The assistant secretary of the United States Department of the Interior on Thursday affirmed the Shinnecock Nation's sovereignty over the Westwoods land parcel, the site of a planned gas station and travel plaza on Sunrise Highway, the Nation announced Friday.
The decision came after several years of research into documents provided by both the Shinnecock Nation and Southampton Town, with the Nation saying in a press release that the decision “dispels any misconceptions” about the land.
“It basically means that our aboriginal or ancestral lands also include the Westwoods area, so it's treated the same as our reservation area in the village,” said Lisa Goree, chairwoman of the Shinnecock Nation.
The Nation had requested that the Department of the Interior look into the issue in 2021, shortly after litigation over its signs on Sunrise Highway was initiated. Over the summer, she added, the Nation had been given information that the decision would be forthcoming, but it was not given a specific date.

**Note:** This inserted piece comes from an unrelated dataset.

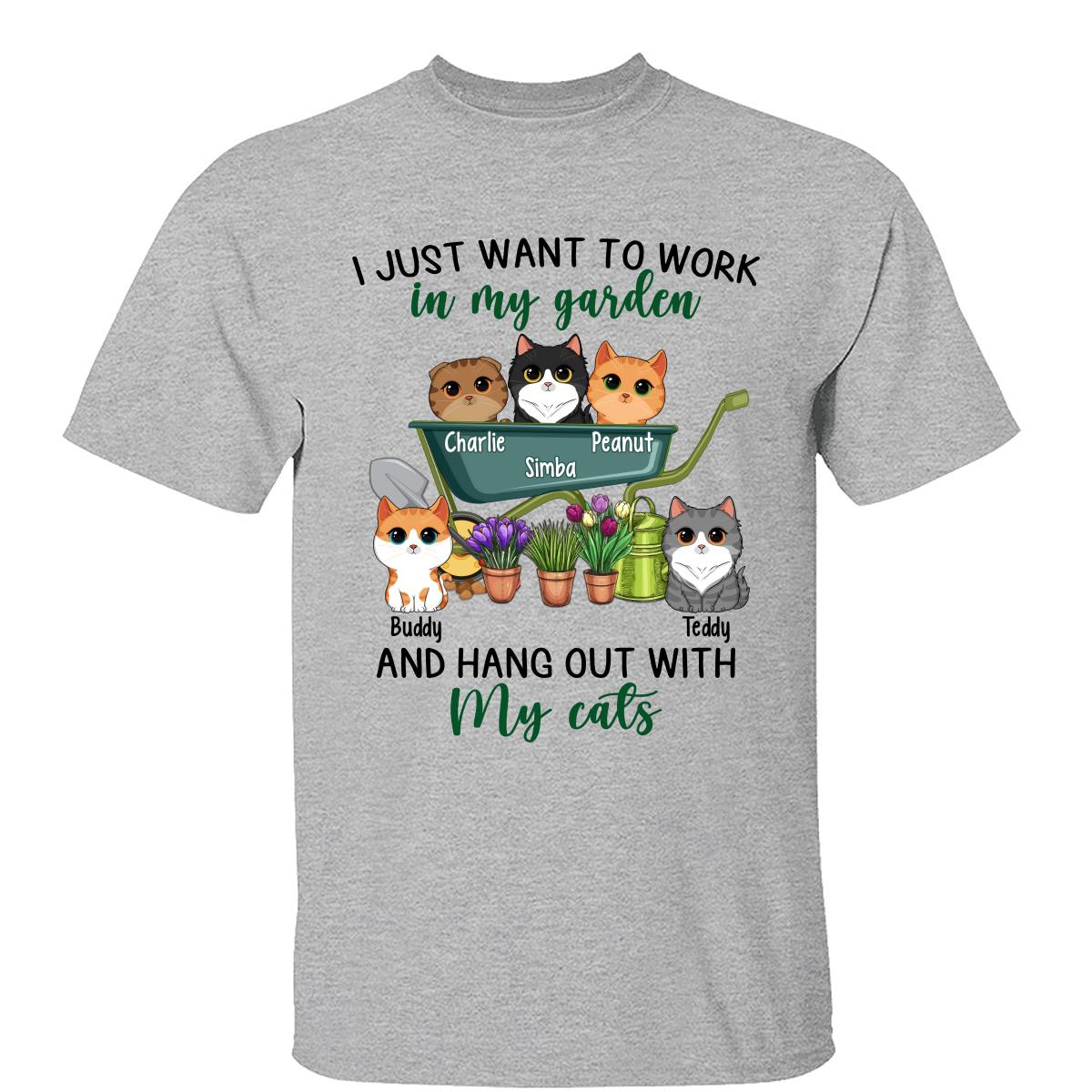Work In Garden And Hang Out With Cats Cute Cat Vector Personalized Shirt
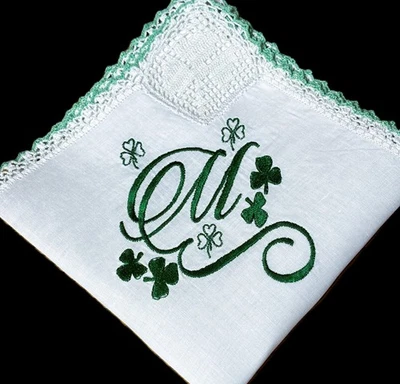 Vintage Linen Green Shamrock Crochet Monogram "M" Handkerchief**#34 - Image 1 of 3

“The department examined the land title status of the Westwoods parcel and determined that it is within the Nation's aboriginal territory, that the Nation has resided within its aboriginal territory since time immemorial and has never removed therefrom, and that Westwoods is within the purview of the Nonintercourse Act and is therefore restricted against alienation absent consent of the United States,” Bryan Newland, the assistant secretary of the Department of the Interior, said. “This land is and has always been restricted fee land held by the Nation and is now recorded to reflect such status.”
As for the decision's importance, “It just reaffirms what we have already known for the last 300, 400 years,” Ms. Goree said.
The news from the Department of the Interior comes just weeks after the Southampton Town Board voted 3-to-2 to take legal action to stop the Shinnecocks from proceeding with their plans for the travel plaza. Separately, New York State's Appellate Division, Second Judicial Department, had on Dec. 4 ordered the Shinnecock Nation to cease using the two electronic billboards that flank Sunrise Highway not far from the Westwoods property. According to earlier reporting in The Star, the appellate panel said a preliminary injunction should have been granted by the State Supreme Court in 2020 because “the structures posed an unacceptable danger to public safety” and are an “ongoing public nuisance.”
The Nation has continued to operate the billboards, which the tribe calls monuments, and on Thursday began posting the news of the Department of the Interior announcement on them.